Five minutes later, he exited Skyline Drive to turn north on the broad expanse of Stonewall Jackson Highway. There was the usual collection of convenience stores, fast-food restaurants, and motels increasing in density as they neared Front Royal, all closed, of course. There were hollow-eyed pedestrians as well, some registering surprise at the moving car, but most moving mindlessly to some undetermined destination.
“Notice anything strange about the pedestrians?” Bill asked.
Tex nodded. “They’re all walking away from town. That can’t be good.”
Two miles up the highway, just past the intersection with State Route 55 East, two police cars were drawn across the road. A police officer got out of one of the cars and raised his hand as Bill approached and stopped fifty feet from the roadblock. The cop approached, well to the side, his hand on the butt of his holstered sidearm. A cop got out of the other car and approached from Tex’s side. Both men’s uniforms were rumpled and dirty, and neither looked as if they’d shaved in several days.
“This doesn’t look promising,” Bill said, as he rolled down his window. “Is there a problem, officer?”
The officer grunted. “Yeah, there’s a lot of problems. You interested in one in particular, or would you like a list?”
Bill smiled. “Sorry, I guess I meant is there any problem with us coming through?”
The officer shook his head. “No refugees. I’m gonna have to ask you folks to turn around and go back the way you came.”
“We’re not refugees,” Bill said. “We’re headed north. We just want to go as far as Happy Creek Road and take it out of town. If you’ll let us by, we won’t even slow down in Front Royal.”
“Yeah, that’s what they all say.”
“No, really. How about you escort us? That way you can make sure.”
“And does it look to you as if we have enough manpower to be providing ‘private escorts’ through town? Walt and I’ve been here over twenty-four hours without relief. So again, I ask you to turn around.”
“I understand, but we really don’t want to stay. If you’ll just let us—”

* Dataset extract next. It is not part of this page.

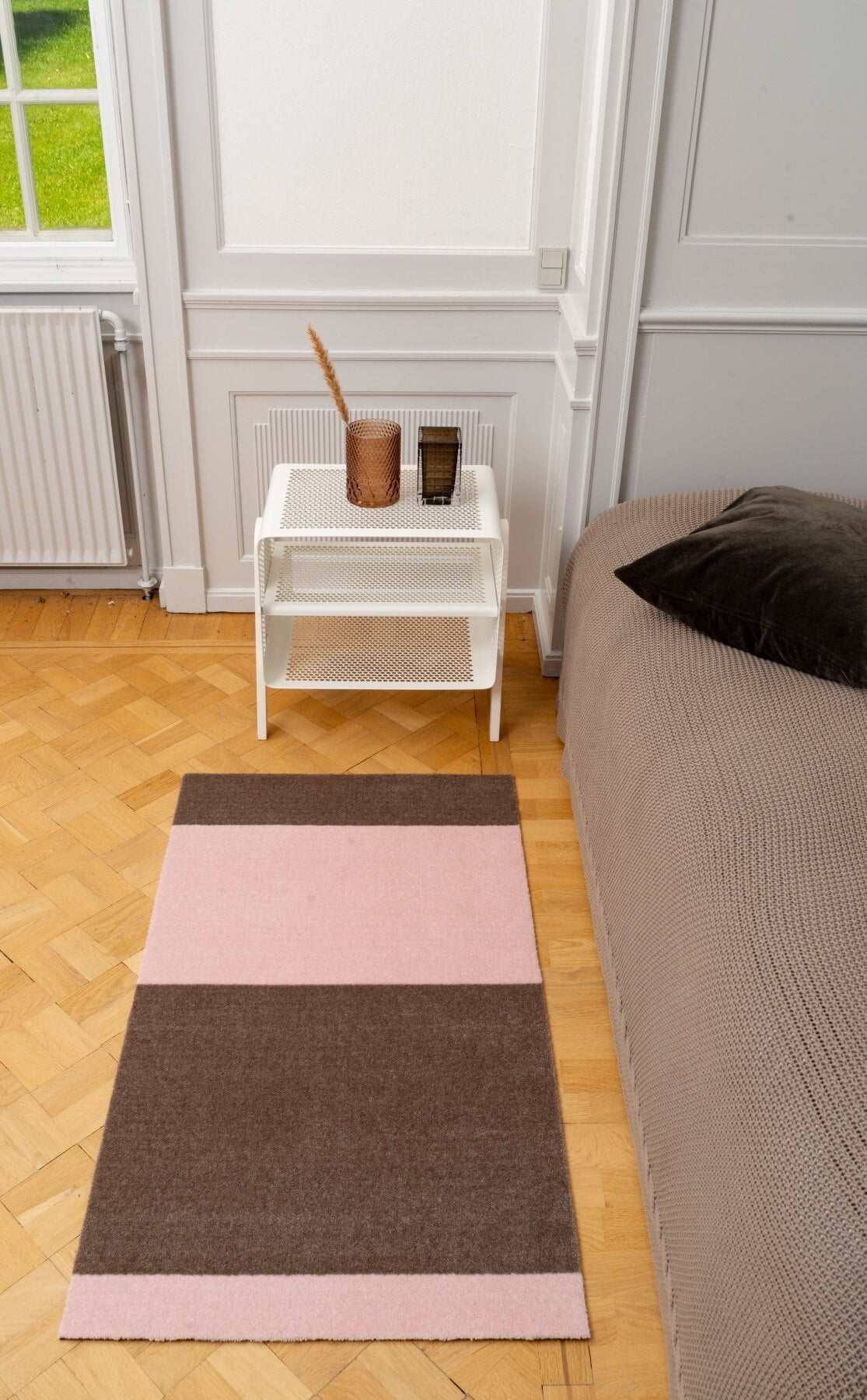 STRIPES HORISONTAL - SAND/LYS ROSA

“Sir, you DON’T understand. Nobody’s getting into Front Royal who doesn’t belong here. We tried to help at first, what with all those folks fleeing DC and running out of gas, coming down from the interstate on foot. They were grateful for a day or two, and then more people kept showing up and they stopped asking and started demanding, and it got real ugly. A lot of good folks got killed before we sorted it out, and there’s plenty of hard feelings. So even if I was to LET you past, driving a car full of who knows what, I reckon you wouldn’t make it out of town alive, so you might say I’m doing you a favor. Now TURN AROUND.”

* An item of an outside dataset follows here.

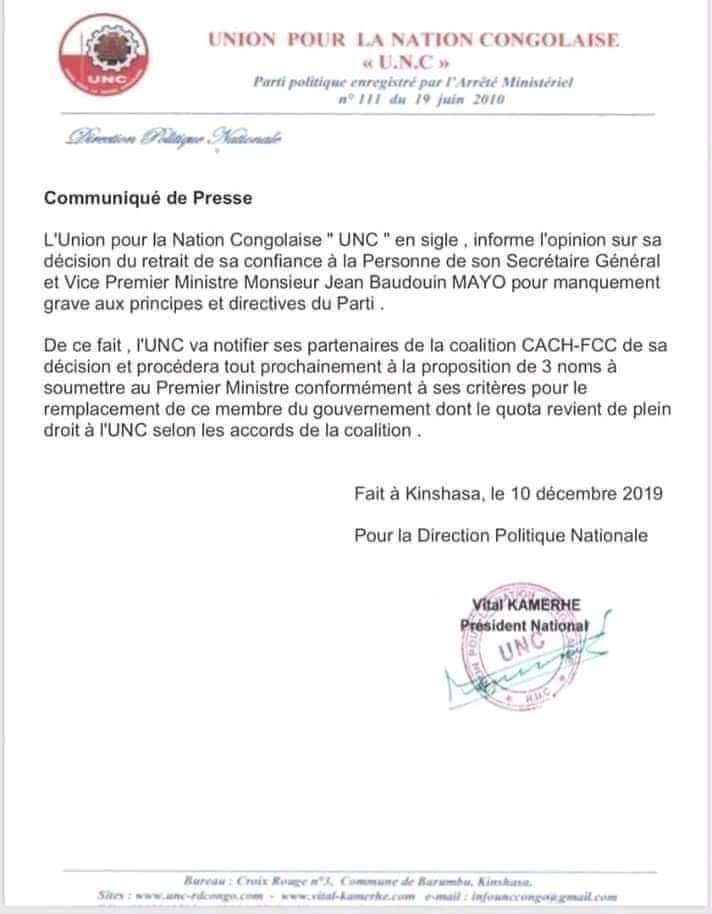 LulenduGabin's tweet photo. En ma qualité de porte-parole ad interim de l'UNC, le communiqué de presse ci-dessous est un https://t.co/2VGUpee7dB n'est nullement l'oeuvre de l'UNC et de son PN.Hon https://t.co/r48sfJE0EB articulations ne sont pas conformes au style UNC. https://t.co/VBDUo9j9hl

Tex leaned across the seat and looked up at the cop. “Is there any other way north, officer?”
“None I’d recommend,” he said. “You can take State Route 55 East to US 17, but 55 parallels the interstate for five or six miles at least, and it’s like the Wild West out there. The gangs started coming out from DC, hitting the outlying communities as long as the gas held out, and we didn’t have enough manpower to do anything but establish control here in town. Even now, they’re still coming out on motorbikes and hitting farms and homes near the interstate. A moving car at this point might as well have a sign saying ‘Good Stuff—Take Me.’“
Bill looked at Tex. She shrugged. “I guess we take 55 East and hope for the best.”
“Your funeral,” the cop said, and Bill backed the car around and turned east at the intersection as Tex stuck her head back in the map. In the distance, Bill saw another police cruiser on the side of the road, positioned to observe all of the cross streets leading off of State Route 55. He had no doubt if he attempted to turn north into town, the police would be on him in short order.
Bill passed the cop and watched in his mirror until he was out of sight. They were just passing Remount Road.
“I assume you’re working on plan B?”
“Absolutely. If they’re spread as thin as he says, the cops can’t be everywhere. I see one last shot at getting up to Happy Creek Road. The third street ahead on the left should be Jamestown Road. It connects to a lot of surface streets winding through subdivisions on the east side of town. It’s convoluted, but it should get us where we need to go.”